Mayor Nutter busted up the #OccupyPhilly encampments last night at about one in the morning. It wasn’t any great surprise. He had set a 5pm deadline on Sunday for the protesters to leave or face arrest. There was a little drama for a few hours as the protesters wound themselves around Center City, and then about 44 of them were arrested as dawn approached. Now they will try to figure out how to keep the movement going.
There’s been talk that the attention-grabbing encampments and accompanying sit-ins and marches have already served the purpose of kickstarting Occupy, so the next phase of the movement should involve giving up the protest sites and migrating to the Internet, where information can be more efficiently disseminated and the movement’s energy redirected into more pragmatic pursuits like voter education and mobilization.
Chris Faraone—a reporter with The Boston Phoenix who’s been covering Occupy Boston and has spent time at a dozen more Occupy sites around the country the past two months—disagrees. “Whether it’s occupation-camping mode or not, I see a physical presence being the watermark of this movement,” says Faraone. “People really need to get together in person to make plans for these events and marches, which I really think are working. I think it’s now in the back of these CEOs’ minds that, ‘Fuck, 3,000 people are gonna show up at my office.’ The head of Bank of America in Boston does not like the fact that 500 people show up at his house once a week. That kind of thing isn’t gonna happen if you move everything to the Internet.”
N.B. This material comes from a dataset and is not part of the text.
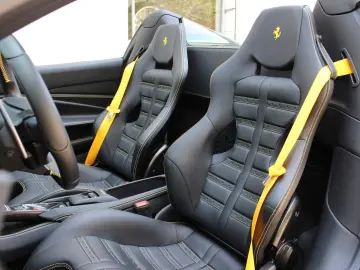 F8 Spider / RACINGSEATS / LIFT / GARANTIE/ 360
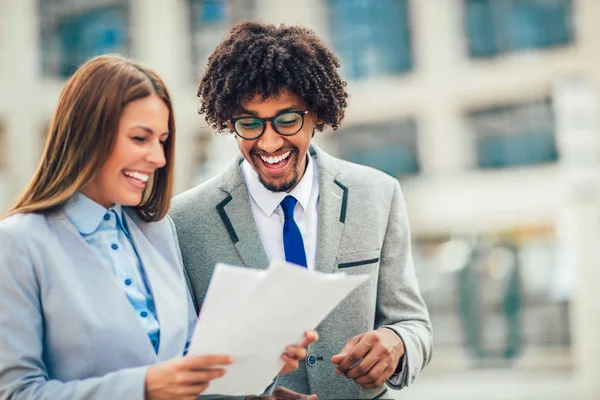 Gente Negocios Discutiendo Ideas Reunión Fuera — Foto de Stock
More realistic answers came from veterans of the Philly protests.
“It gets pretty fuckin’ cold in the winter, so good luck if you can’t have any kind of shelter,” says Roman Reznichenko, who spent a week at Occupy Philly in late October. He adds that there are transportation issues, too. “If you’re not camping down there, you gotta get there and I know I couldn’t afford that,” he says. “I know a lot of [Occupiers] who are from Jersey or out in the sticks and they don’t have the money to go back and forth every day.”
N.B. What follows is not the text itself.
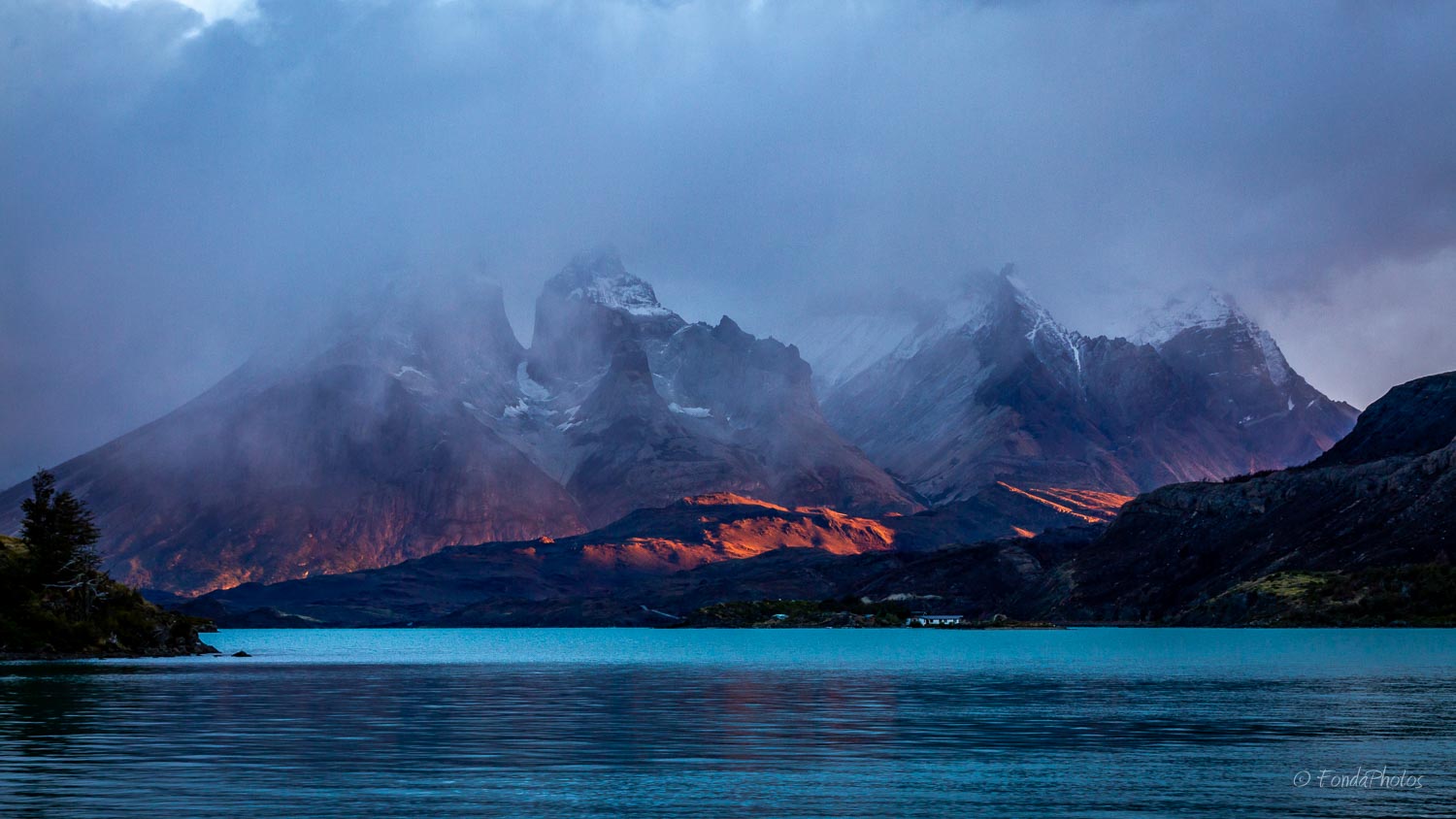 IMG_7069.jpg Lago Pehoé, Torres del Paine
And if the encampment itself has been part of the message, then having to pack up shop every night could kill the momentum. “Out of sight is out of mind,” says Zuccotti Park mainstay John Nicholson, a 25-year-old EMT worker. “The press isn’t gonna cover it nearly as much without the camping and some of the drama that’s gone along with that, so if people aren’t devoted to sticking around all night and keeping it going and challenging them when they say you can’t be there, then this could all fade away pretty fast,” he says.
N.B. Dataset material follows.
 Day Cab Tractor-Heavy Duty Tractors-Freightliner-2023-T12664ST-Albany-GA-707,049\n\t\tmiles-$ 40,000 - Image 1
For the record, the Philly police and the mayor have had a cordial and respectful attitude toward the Occupiers. And they deserve credit for dispersing the camps without firing teargas or wading into the crowds with billy clubs. And no pepper spray!! See? All that heavy-handed crap is unnecessary. (You can view 293 photos from last night here). There were a few instances of bike-cops getting too aggressive and causing injury, and horse-cops stomped on at least one woman’s feet. But compared to how New York and Oakland have behaved, it was almost without incident.
Los Angeles busted up their Occupy encampment last night, too. The weather in LA will present no obstacle to setting up camp somewhere else.
Where do you think the Occupy movement is heading?
over at scrapple news, we suggest they vote:
My feelings about Occupy Philly are complicated. I hope it keeps going. I LOVE the surprise mic checks, which seem to instill fear in so many of our elites.
Here’s video of the incident where a woman was stomped on by a horse.
I realized something yesterday: I don’t want to talk about OWS’ strategy. I don’t want to talk about police tactics. I don’t want to talk about silly DHS conspiracies, even to debunk them. I don’t want to talk about OWS outreach to minorities. I don’t want to talk about any of this inside-baseball stuff.
I want to talk about OWS’ message. I want to talk about income inequality, and stagnating wages, Too Big to Fail banks, and the intersection of big money and government.
I hope OWS keeps pushing its message, and doesn’t get bogged down.
Yes.
Take, for example, the Wikileaks cables.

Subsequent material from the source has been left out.